Pero, ¿qué pasa cuando el silogismo no sigue la noción de argumento deductivamente válido? Pasa que, el argumento deja de ser un razonamiento o juicio lógico para probar o demostrar la premisa. Pasa que deja de servir como «término medio» para convencer al interlocutor de lo que se afirma o se niega. Pasa que no concluye, sino que principia. Y, ¿qué principia?: una falacia. En lógica, una falacia (del latín fallacia, engaño) es un argumento que parece válido, pero que no lo es. Y no lo es porque su argumentación no se basa en la lógica sino en la incongruencia. En otras palabras, es lo opuesto a un juicio lógico. Es pura retórica; es decir, un discurso vacuo y falto de contenido que se utiliza para deleitar y convencer al interlocutor con base en la demagogia: esa práctica política corrupta que consiste en, ganarse con halagos, el favor popular. Aristóteles decía, «la demagogia es la forma corrupta o degenerada de la democracia» y agregaba, «el demagogo es el adulador del pueblo». Por eso también decía, «en las democracias, las revoluciones son, casi siempre, obra de los demagogos». ¿Por qué? Decía Aristóteles, «los tiranos se rodean de hombres malos, porque les gusta ser adulados. Y ningún hombre de espíritu elevado, los adulará».

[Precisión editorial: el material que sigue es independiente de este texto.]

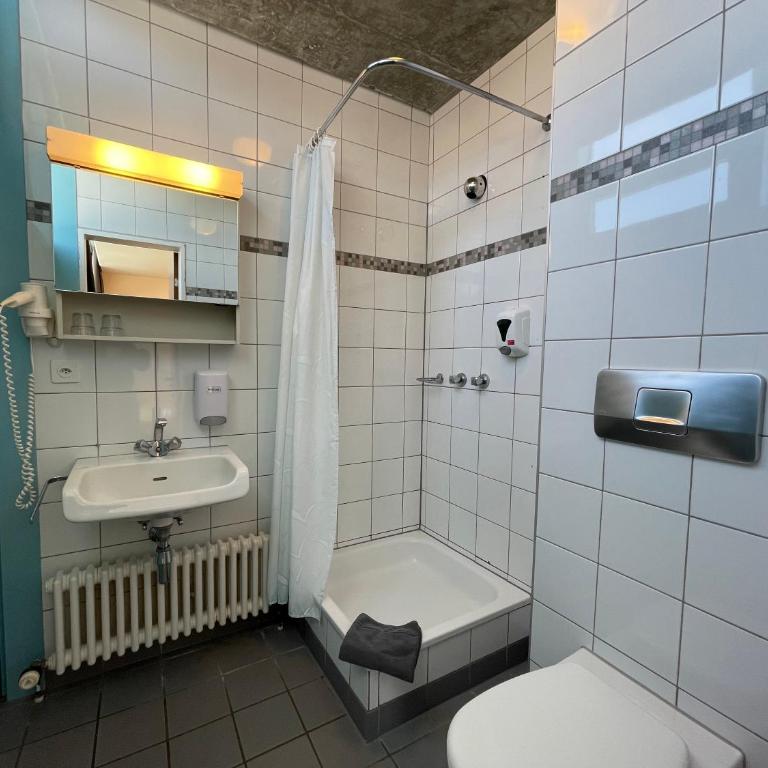 Geneva Hostel - Chambre Lits Jumeaux avec Salle de Bains Privative - 7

Es por este motivo que, cuando un demagogo y populista llega al poder en una democracia establecida, esta se deforma y se corrompe hasta convertirse en una oligarquía; hoy en día, una plutocracia. Y el gobierno se deslegitima hasta convertirse en una tiranía. Por ende, el gobernante (presidente) es un tirano; un tirano en una democracia, un déspota. Y, algunas veces, también es un usurpador, como cuando llega al poder burlando el voto popular, por influencia de una minoría que se arroja para sí misma su representación. Un claro ejemplo de eso, en tiempos modernos, es Donald Trump, cuya retórica y demagogia política es tan basta que, hasta un término propio le han acuñado, «trumpismo»; en inglés «trumpism».

El trumpismo es una ideología política, un estilo de gobierno, un movimiento político y un conjunto de mecanismos para adquirir y mantener el poder asociado con el presidente de Estados Unidos, Donald Trump. Es una mezcla estadounidense del nacional-populismo, conservadurismo, neo-nacionalismo y populismo de derecha, además suele ser incluido dentro de los movimientos que promueven una democracia iliberal…

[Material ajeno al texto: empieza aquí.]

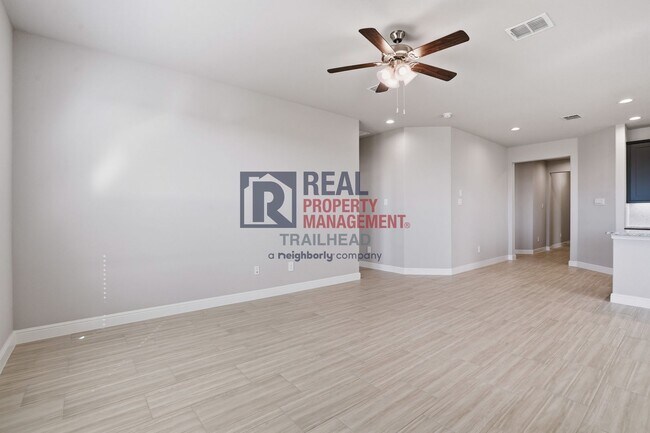 Building Photo - Inviting 4-Bedroom Home with Open Layout in Bella Vista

Ergo, el trumpismo bien podría caer o calificar como una nueva y moderna forma de silogismo en el siglo XXI: el «silogismo político». Esta es una nueva forma de argumentar o debatir basada en tres premisas o juicios políticos: una premisa política mayor y una premisa política menor, que se formulan como «slogan político», y una conclusión, la cual se propone —no se deduce— de las dos premisas políticas. Por ello, también es un «slogan político», no una conclusión en el sentido estricto. ¡Es falaz! Un clásico ejemplo es:

Premisa política mayor: Hagamos grande a América (a través del esfuerzo conjunto de todos los ciudadanos, gobiernos y países de América).

Premisa política menor: Otra vez América (entra en crisis social y económica producto de las políticas de sus gobernantes).

Conclusión falaz: Hagamos grande a América, otra vez (falacia populista y demagógica acuñada por Donald Trump como «slogan político»).

Porque si fuera un silogismo aristotélico, sería algo como esto:

Premisa mayor: Hagamos grandes a los 35 países de América.

Premisa menor: Otra vez los 35 países de América se unen.

Conclusión: Hagamos grande a América, otra vez.